- _Data records_
******************************

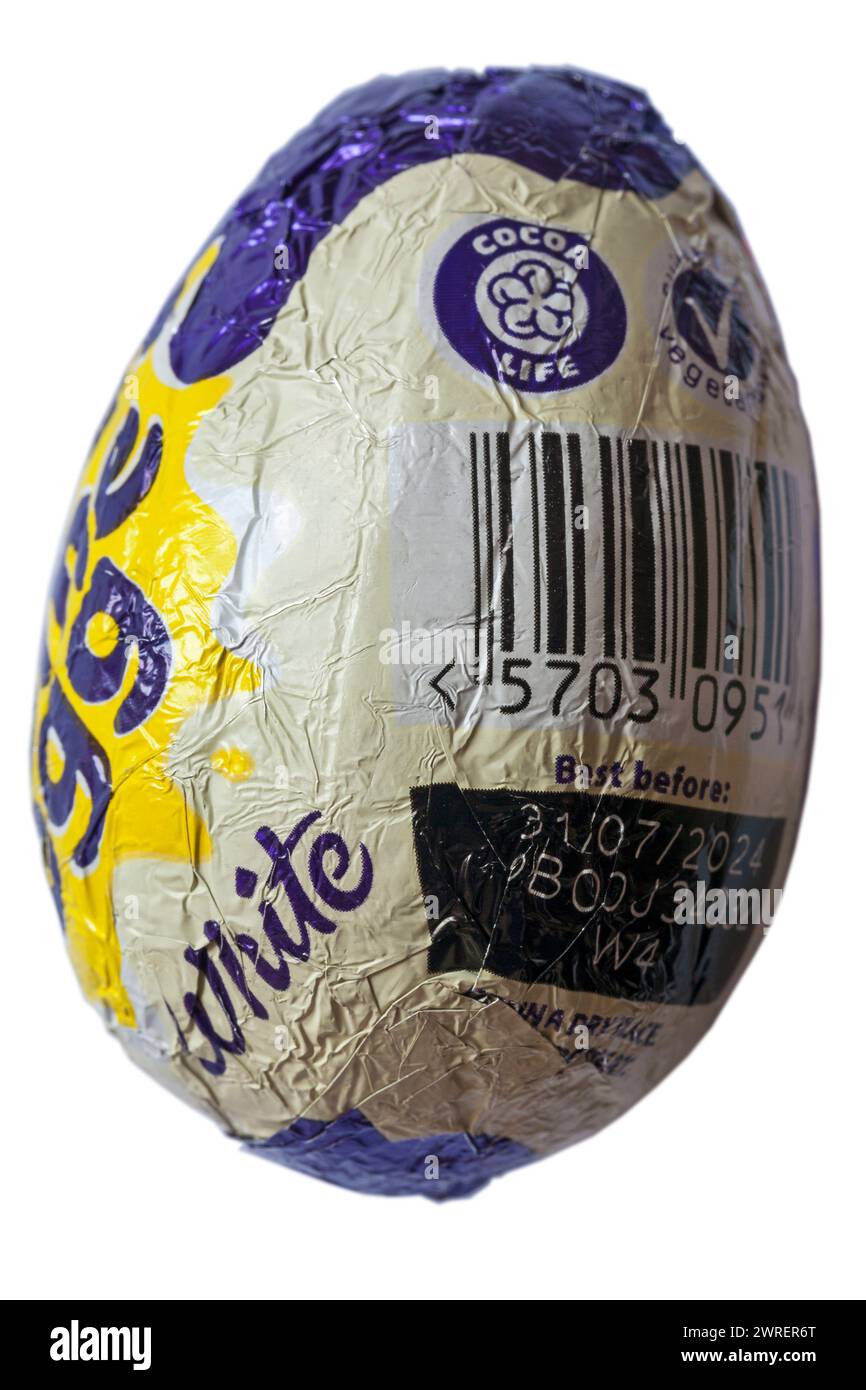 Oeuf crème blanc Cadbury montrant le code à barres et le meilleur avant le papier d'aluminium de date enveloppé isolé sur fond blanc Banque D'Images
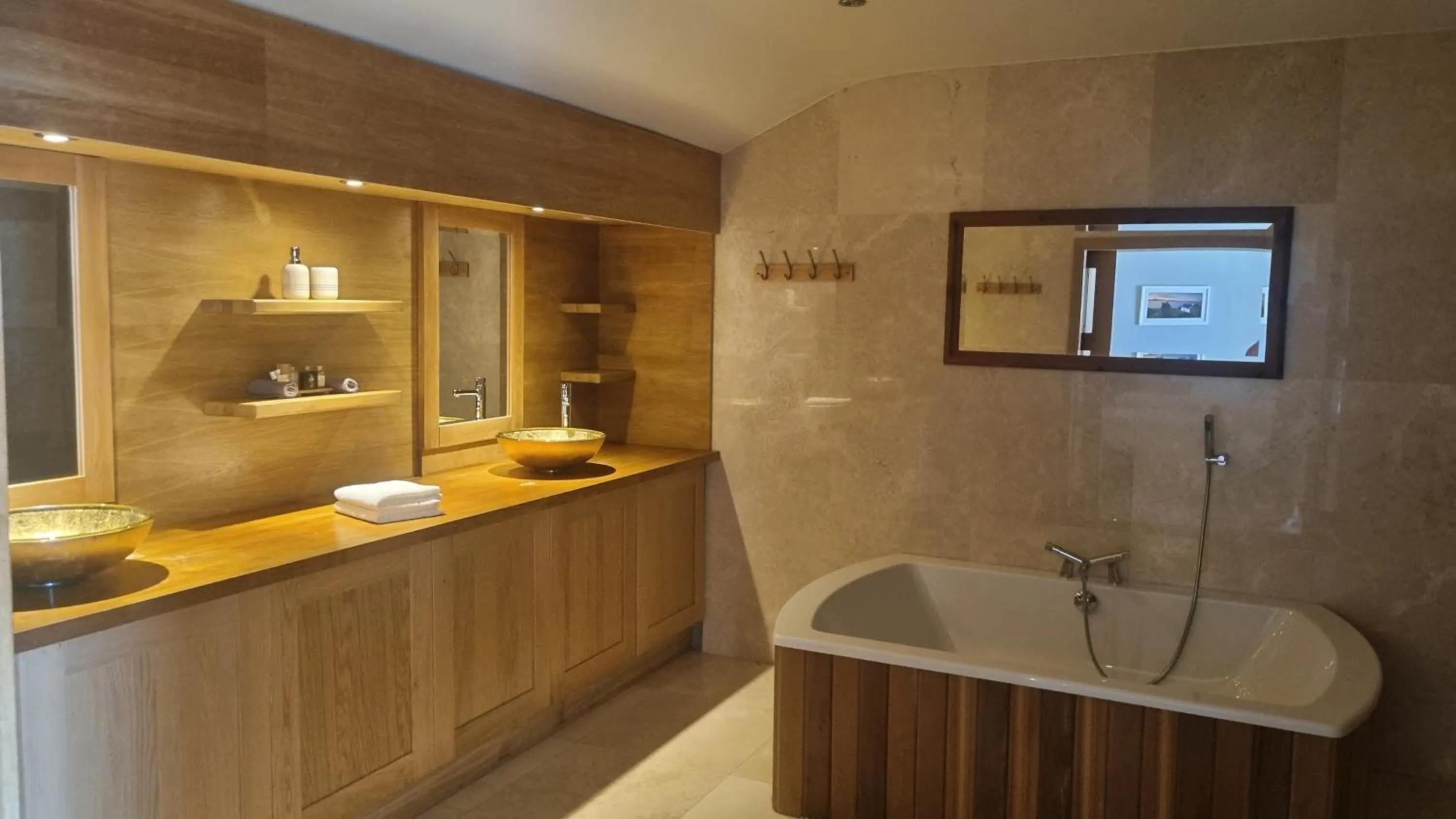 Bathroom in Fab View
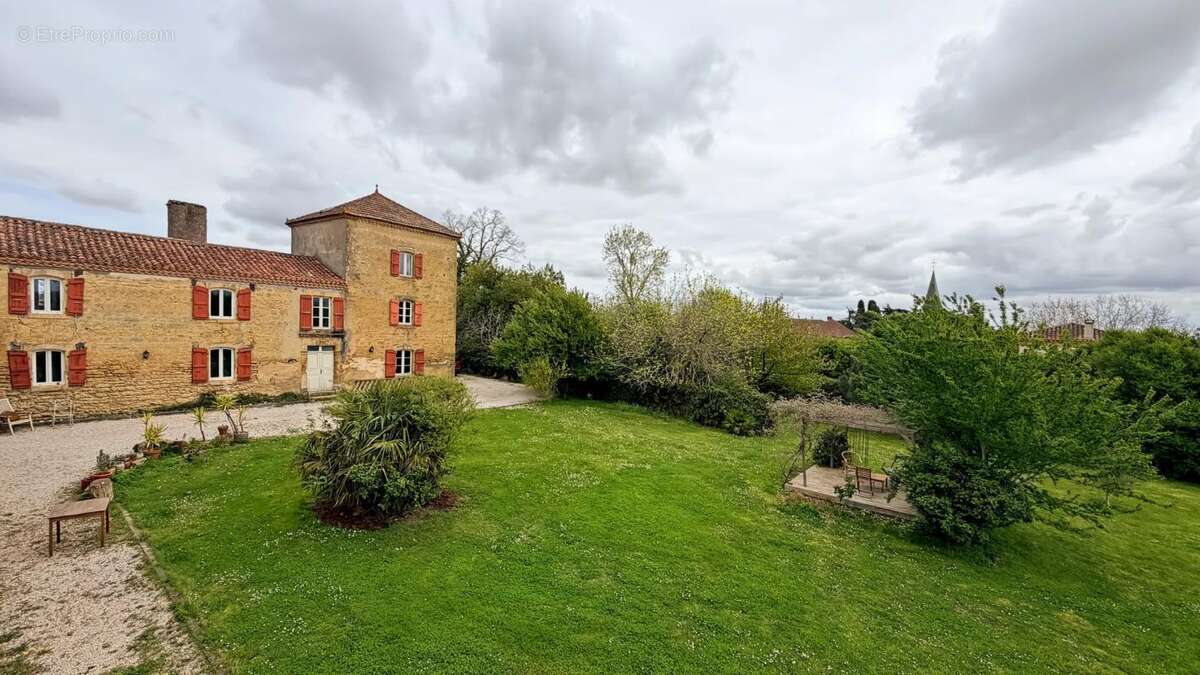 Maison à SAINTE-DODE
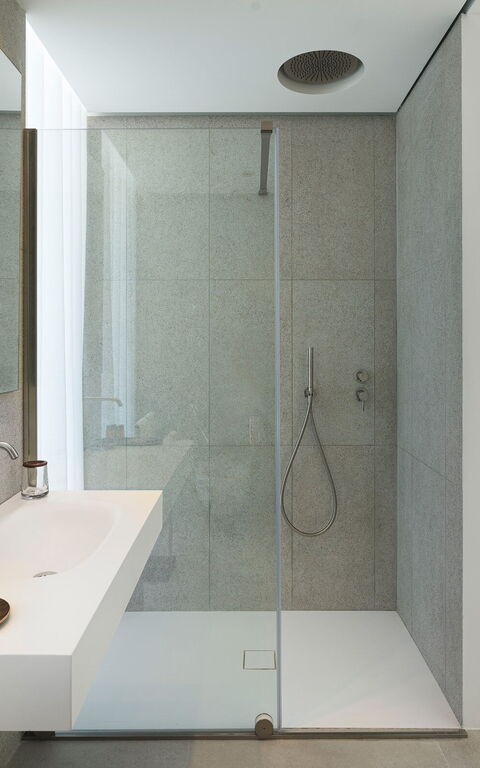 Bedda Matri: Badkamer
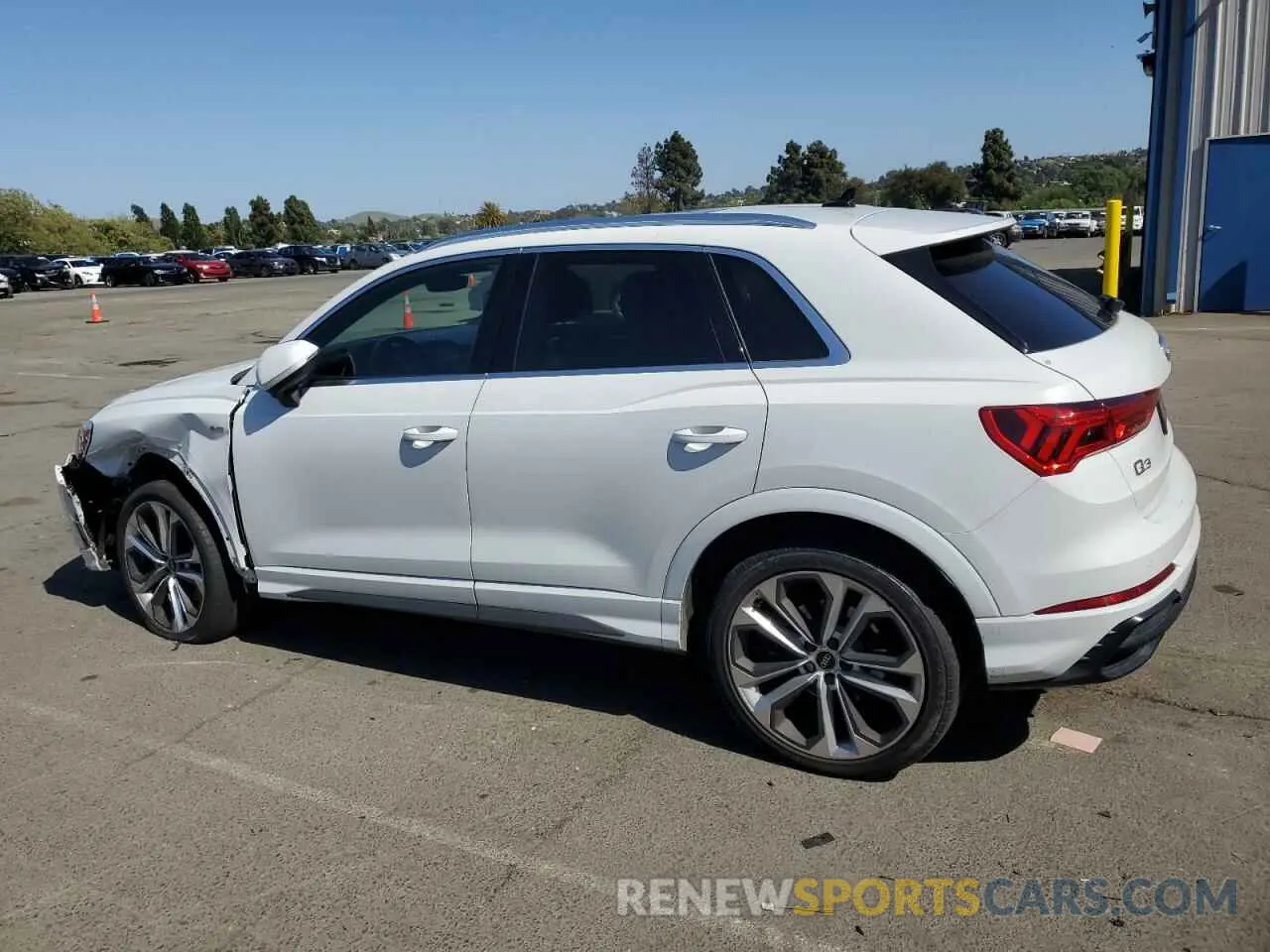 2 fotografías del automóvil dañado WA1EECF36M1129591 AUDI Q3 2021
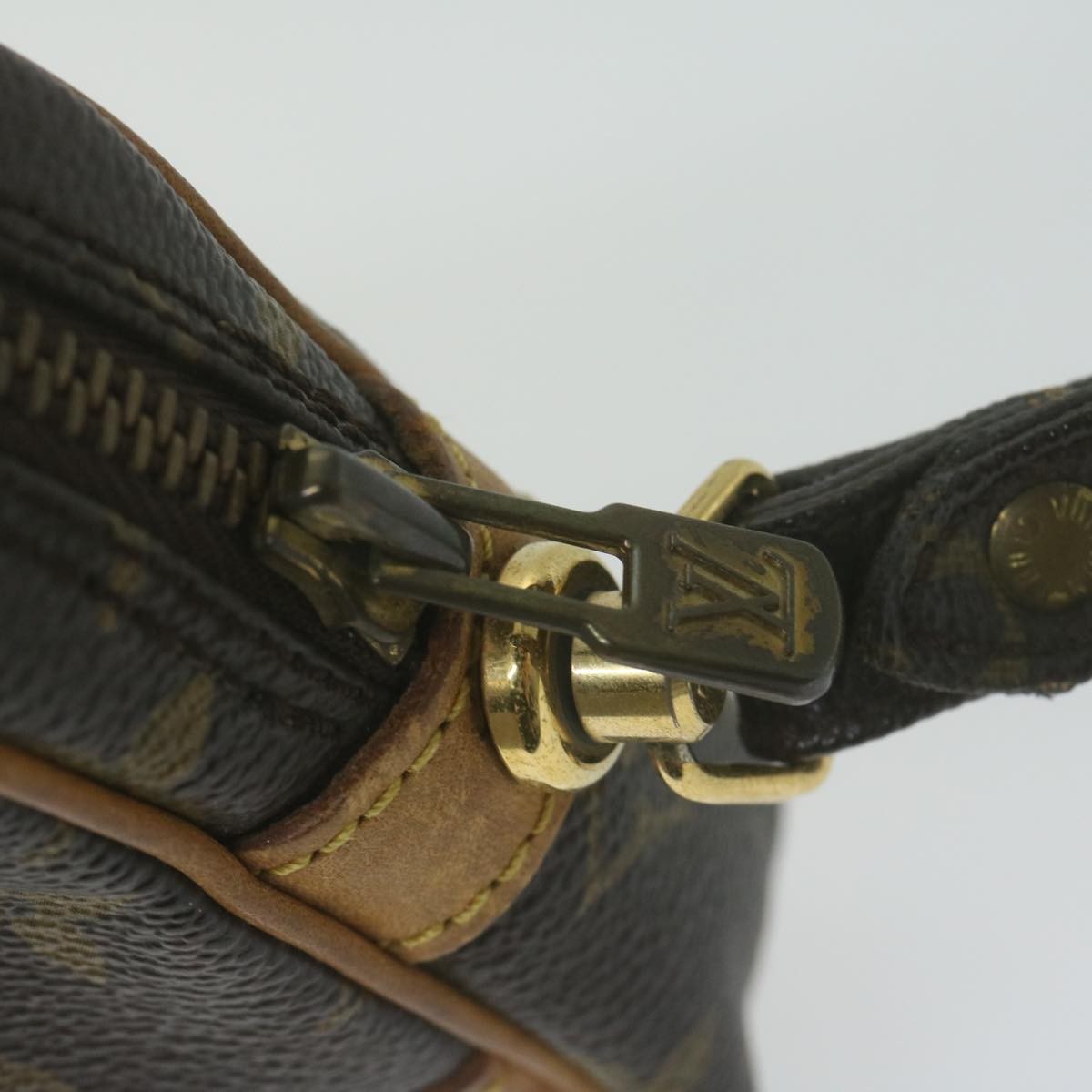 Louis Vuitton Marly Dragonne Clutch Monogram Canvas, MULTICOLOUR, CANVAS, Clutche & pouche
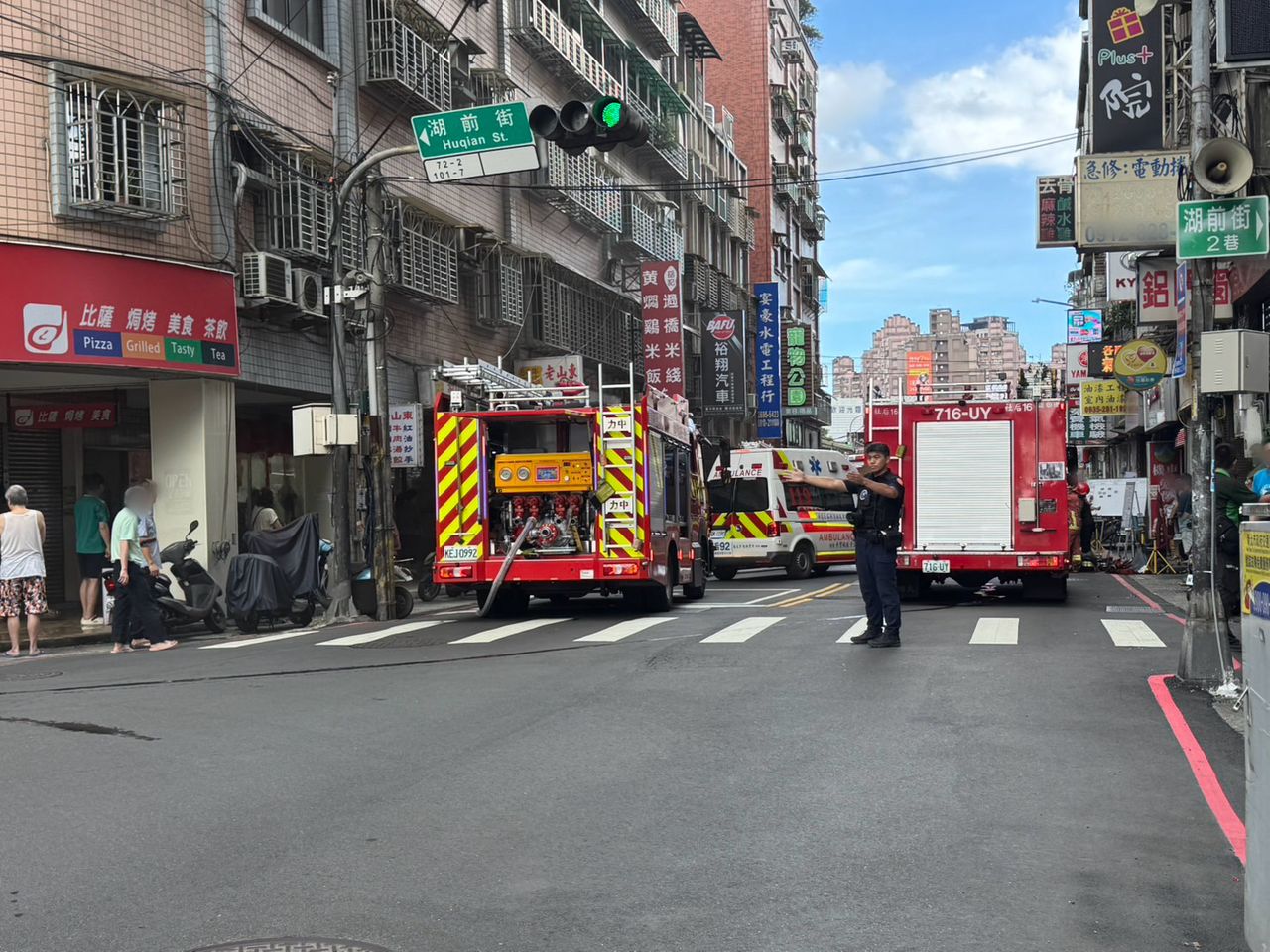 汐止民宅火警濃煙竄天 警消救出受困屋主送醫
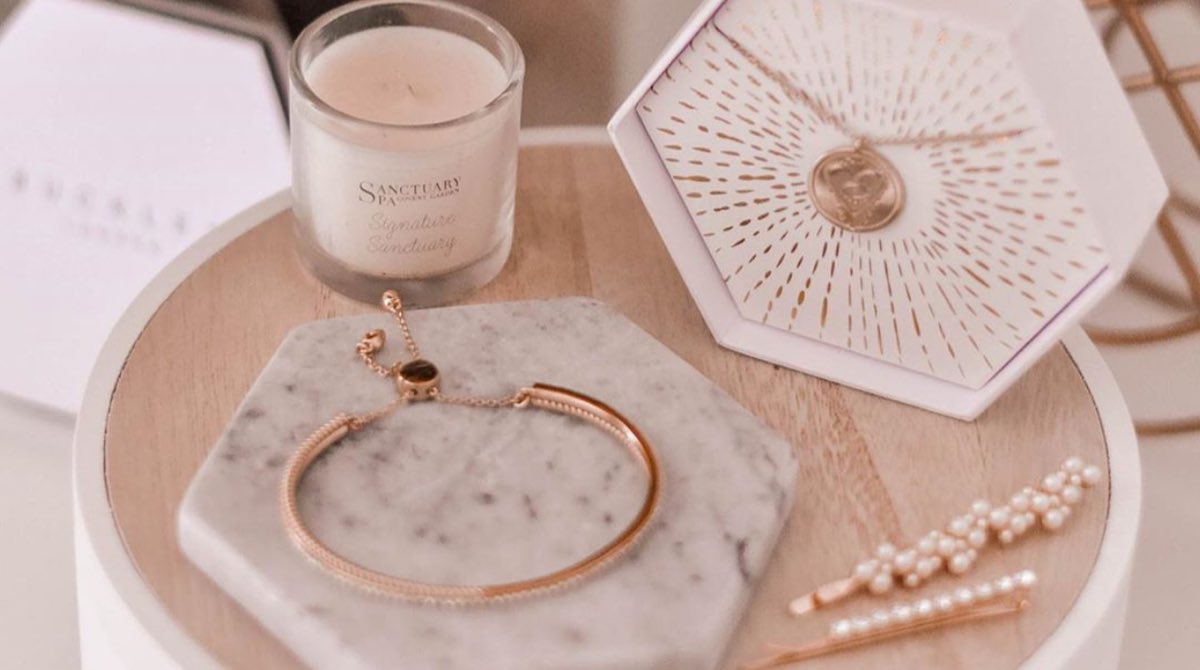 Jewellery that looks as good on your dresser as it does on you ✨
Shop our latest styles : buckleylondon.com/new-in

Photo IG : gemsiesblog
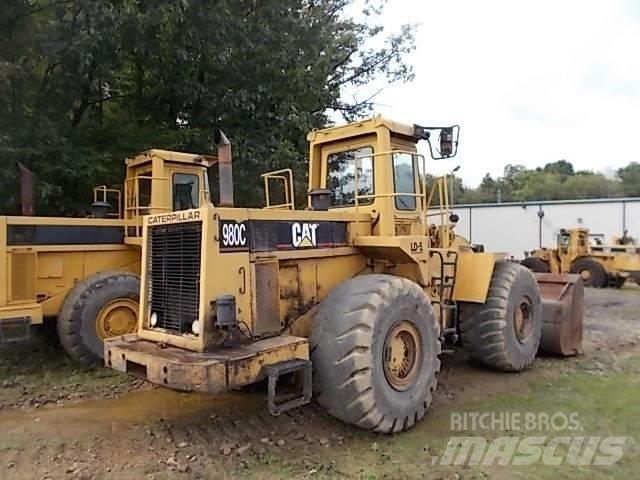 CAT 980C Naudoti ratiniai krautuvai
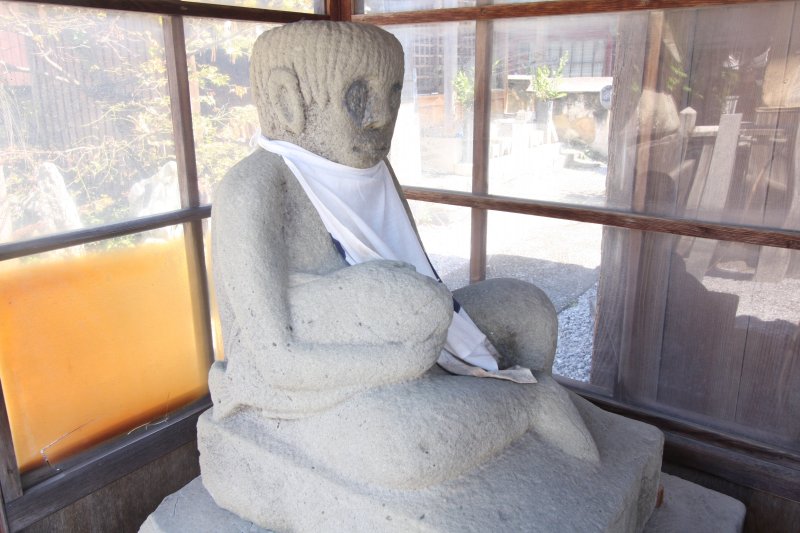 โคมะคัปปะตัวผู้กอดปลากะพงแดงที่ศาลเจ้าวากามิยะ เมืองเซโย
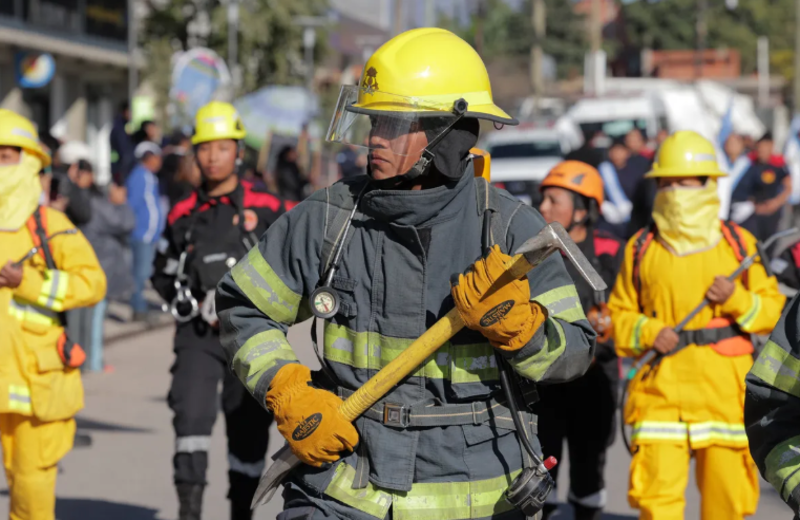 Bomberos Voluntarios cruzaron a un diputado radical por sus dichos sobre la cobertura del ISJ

******************************

- _Exercise requirements_
Once you find the line that contains "Bathroom in Fab View", give it again along with every later line through the end of the data, word for word, minus the pictures.

- _Solution to the exercise_
 Bathroom in Fab View
 Maison à SAINTE-DODE
 Bedda Matri: Badkamer
 2 fotografías del automóvil dañado WA1EECF36M1129591 AUDI Q3 2021
 Louis Vuitton Marly Dragonne Clutch Monogram Canvas, MULTICOLOUR, CANVAS, Clutche & pouche
 汐止民宅火警濃煙竄天 警消救出受困屋主送醫
 Jewellery that looks as good on your dresser as it does on you ✨
Shop our latest styles : buckleylondon.com/new-in

Photo IG : gemsiesblog
 CAT 980C Naudoti ratiniai krautuvai
 โคมะคัปปะตัวผู้กอดปลากะพงแดงที่ศาลเจ้าวากามิยะ เมืองเซโย
 Bomberos Voluntarios cruzaron a un diputado radical por sus dichos sobre la cobertura del ISJ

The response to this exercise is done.